Rome sends mixed signals on Jesuit contributions
National Catholic Reporter, April 27, 2001 by John L. Jr. Allen
Although media shorthand often makes "the Vatican" sound like a monolith, in fact, the headquarters of the Catholic church, like bureaucracies everywhere, is run by people with sometimes clashing views.
Nowhere was this clearer in recent weeks than at a conference at Gregorian University, where an influential Vatican figure publicly defended a Jesuit recently rebuked by another Vatican official for his work in interreligious dialogue and missionary work.
Lauds for the Jesuit, Fr. Jacques Dupuis, and for other Jesuit contributions to the field came just weeks after Cardinal Joseph Ratzinger, the Vatican's chief doctrinal authority, had publicly rebuked Dupuis. The praise from Vatican officials also occurred against the backdrop of Ratzinger's recent document Dominus Iesus, which criticizes approaches to religious pluralism set forth by Dupuis and other Jesuits.
Ratzinger is the head of the Congregation for the Doctrine of the Faith, the church's top doctrinal agency.
The Vatican official defending Dupuis at the April 4 and 5 conference was Bishop Michael Fitzgerald, secretary of the Pontifical Council for Interreligious Dialogue. Fitzgerald said April 5 that he wished "to put on the record a debt of gratitude to Fr. Dupuis and his pioneering work."
"I had the honor of being present in this hall during a presentation of Fr. Dupuis' book," Fitzgerald said. "Some have spoken of ambiguities, but since theology is a developing science, it is only natural that various theories will be presented, discussed and brought into a synthesis."
The conference marked the Jesuit-run Gregorian University's 450th anniversary.
Meanwhile Cardinal Roger Etchegaray issued a more oblique, but no less significant, endorsement of the approach to both theology and mission work that has characterized the Jesuits in the years after the Second Vatican Council (1962-65).
"I would like to be a witness, to pay tribute to a very famous Jesuit, Fr. Pedro Arrupe," said Etchegaray.
Arrupe, former general of the Jesuits, was deposed by Pope John Paul II in 1981 because of dissatisfaction with the order's direction. In part, the Jesuits were faulted for switching from making converts as the goal of missionary work to service and activism aimed at social justice. Etchegaray, who, like Arrupe, is of Basque ancestry, described Arrupe as "the forerunner of modern evangelism."
Etchegaray headed the office responsible for planning for the Great Jubilee Year of 2000. Officially retired at 77, he still serves as an ad-hoc diplomatic troubleshooter for the Vatican. Despite his age, his name appears on many lists of papabile, or candidates to be the next pope.
Etchegaray related a personal tie with the Jesuits by noting that he comes from a village in France where the sister of St. Francis Xavier lived. Xavier was one of the earliest Jesuit saints and a famous missionary. He was sometimes called "the apostle to the East."
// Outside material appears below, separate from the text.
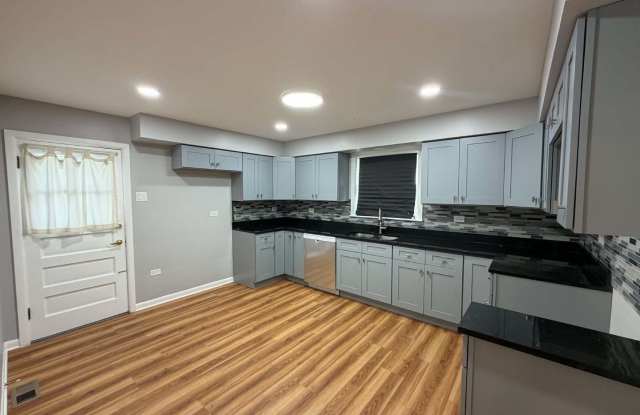 9243 Lynwood Drive Gallery 4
"I am a globetrotter on behalf of John Paul," said Etchegaray, who in recent months has been entrusted with sensitive papal missions in Russia and China. "It is always a shock when I meet other religions. But I must say it has helped me to better understand the mystery of salvation offered in Jesus Christ."
Later Etchegaray came to the defense of another Jesuit once accused of deviations by Vatican officials, the 16th-century missionary Fr. Matteo Ricci. In the 16th century, Ricci made Christianity attractive to the Ming dynasty in China by blending it with Confucian beliefs and practices. That strategy was condemned by the Vatican.
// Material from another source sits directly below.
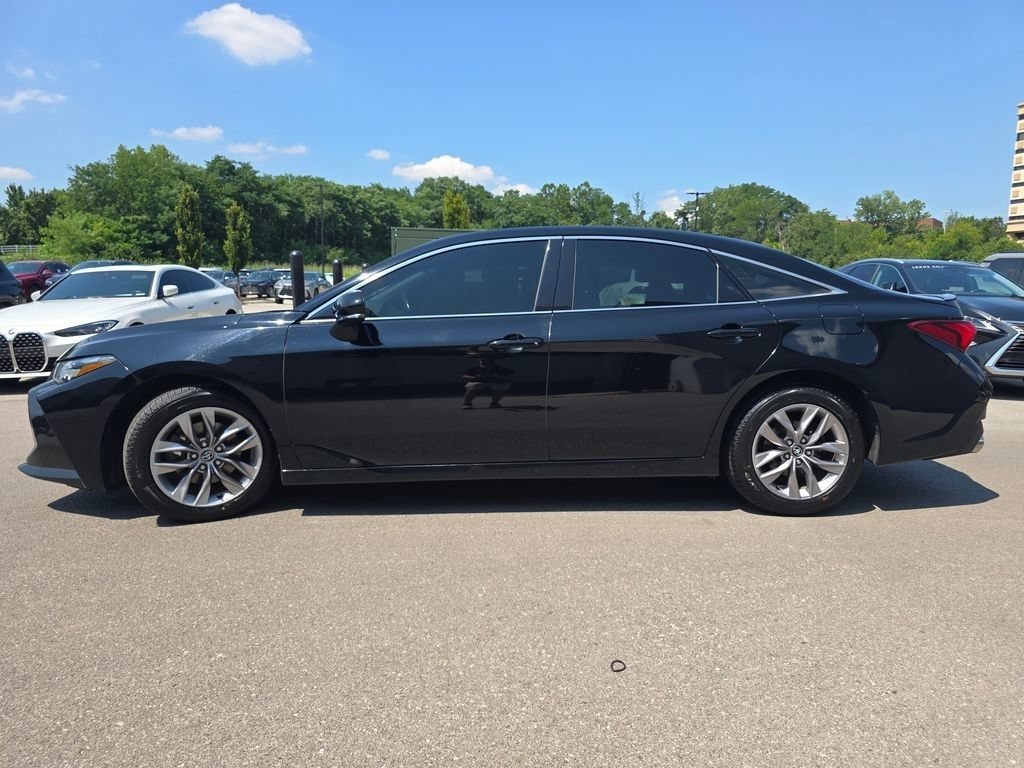 Used 2019 Midnight Black Metallic Toyota XLE image 22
Catholic writers on religious pluralism today often invoke Ricci as an example of someone who could be fully Christian without denying the validity of other religious pathways.
Etchegaray, who noted that he had visited Ricci's grave in China, said he hoped the Catholic church would someday recognize him as a saint.
Dupuis, suffering from a bad back, was not present at the conference. But reverberations from his case were in the air. His book Toward a Theology of Religious Pluralism was criticized Feb. 26 by the Congregation for the Doctrine of the Faith in a formal notice as expressing "notable ambiguities or difficulties" (NCR, March 9).
Dupuis argued in the book that while Christ is the unique savior of the world, other religions play a positive role in God's plan for humanity. Ratzinger's concern, according to most observers, is that such theories will lead to diminished missionary efforts as well as to a "one's as good as another" religious relativism.
Dupuis and several other Jesuit theologians were among the primary targets of Ratzinger's September 2000 document Dominus Iesus, which reasserted the supremacy of Catholicism over other religions and Christian churches.
Those other Jesuits include Fr. Michael Amadaloss of India and Fr. Aloysius Pieris of Sri Lanka. In response to Dominus Iesus, Pieris warned in a Sept. 30 talk of "a Catholic fundamentalism raising its head among some members of the hierarchy in Europe, which is at once defensive against what is non-Christian and what is non-Catholic."